While my example is graphical, only the SDL frame buffer capability of the GPU is being used. All object rendering computations are done by my CUDA code running on the GPU -- the card doesn't know this is a graphical computation.
The NVIDIA GPU has multiple multiprocessors: 12 on the GeForce 8800 GTS I tested. Each multiprocessor has 8 processors, and with them each multiprocessor can support up to 768 concurrent threads.
Under CUDA the programmer writes a kernel which is the code executed by a single thread. Threads are placed in two or three-dimensional groupings called blocks, and blocks in turn are placed in two-dimensional groupings called grids. The run-time system schedules blocks and grids to run as resources are available. The general computational model is SIMD: the same kernel instructions are executed by all threads. The NVIDIA C compiler supports fairly standard C with branches, loops, etc., but no recursion.
Like the SPUs on the PS3 Cell processor, GPU memory is limited and access to host memory is slow. Data is explicitly moved from the host to the device by the host program. Here data is in device global memory (shared between all multiprocessors), which is still quite slow. The kernel threads can copy data from global memory to shared memory (shared between processors in a single multiprocessor), though shared memory is limited to 16K per multiprocessor.
With this design CUDA is not a practical way to implement a ray-tracer. The 16K shared memory restriction makes realistic world models impractical. It appears the number of threads which can be started simultaneously is constrained by the size of the world state structure:
Here we see that with a small number of objects in the world the program runs faster with shared memory. With a large number of objects in the world it is actually faster without shared memory (and shared memory cannot fit more than 225 objects). The Shared memory speedup is independent of whether all the objects are actually rendered. The program bottleneck is not in looping over the objects, but in the speed of access to object data and the number of threads which can be simultaneously started.
Below shows CPU and memory utilization during NVIDIA CUDA GPGPU, generic 1 pthread, and generic 4 pthreads tests.
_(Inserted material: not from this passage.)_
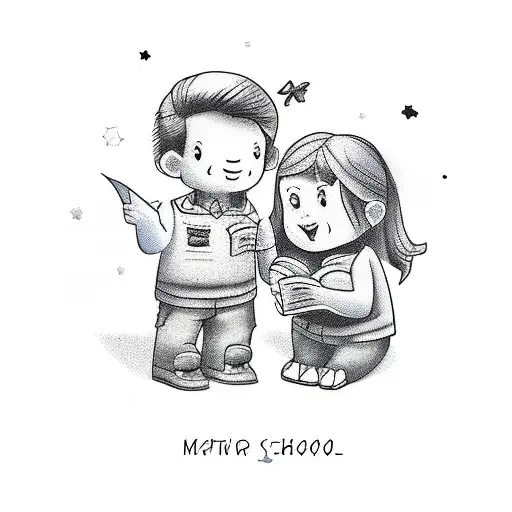 Book Mother Son Sharing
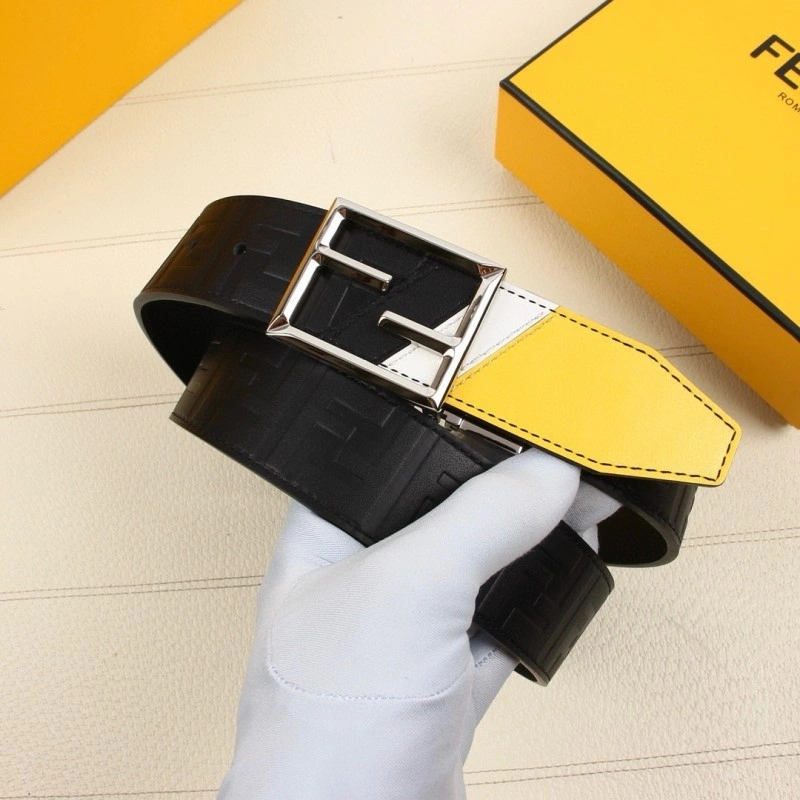 Fendi Belts TimelessDesign 286043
In the CUDA test my ray program used 92% of one CPU and the Xorg X-windows server used 12% of another CPU.
int screenX;
#ifdef USE_OMP
#pragma omp parallel for firstprivate(portPoint)
#endif
for (screenX = 0;
screenX < SCREEN_WIDTH;
screenX++) {
With this change each pixel is rendered by a separate thread, with a maximum
of 4 (the number of cores) running simultaneously. This use of threads is
an alternative to the explicit pthread threading tested above, where a
separate thread
is used per line of the screen. In this case OpenMP is simpler than explicit
threading, though it yields slightly lower performance.
GCC 4.2 also supports OpenMP, but its performance is much worse than Intel.
Threads Frames Per Second ---------------------------- 1 8.5 2 17.4 GPU 16.7
Intel(R) Core(TM) i7 CPU X 980 @ 3.33GHz Linux hex 2.6.35-22-generic #35-Ubuntu SMP Sat Oct 16 20:45:36 UTC 2010 x86_64 GNU/Linux Ubuntu 10.10
This testing was paired with Go ACO TSP.
Here hyper-threading has improved performance for both programs in all configurations. At one core both programs were sped up 28%. At 6 cores ray tracing was sped up 9% versus non-HT, while ACO TSP was sped up 18% versus non-HT. The higher speedup for ACO TSP is expected as it matches the general speedup from increased cores.
Both programs were run with 24 threads in all test configurations. Having more program threads than cores*hardware_threads_per_core is key. Otherwise the OS may schedule multiple threads on the same core while leaving others idle. Linux is hyper-theading aware and attempts to avoid this scheduling problem, but doesn't always get it right. In testing with 6 threads and 6 cores, I saw 28% decreases in performance for both programs when hyper-threading was enabled.
The Intel i7-980X also supports "Turbo Boost", where one core is automatically overclocked when other cores are idle. Turbo boost was disabled for the tests above. With one core and HT disabled, Turbo boost provides a speedup of 8% for both programs. Surprisingly, with six cores and HT enabled (so all cores should be fully utilized) Turbo boost provides a speedup of 5% for both programs.
The OpenCL CPU version provided similar results to the pthreads-generic version tested earlier. With 10 objects in the scene the GPU performance was only slightly better than the CPU version. But as the number of objects increased the GPU version maintained performance much better than the CPU version. This indicates that with low object counts the actual work done by each GPU core is small relative to the setup and copying results back overheads. Yes, a realistic ray tracer would be culling the scene graph so fewer objects would be evaluated for each point. And the GPU version ran out of constant memory above 800 objects. But this is much better scaling and performance than the NVIDIA CUDA test I did a few years ago.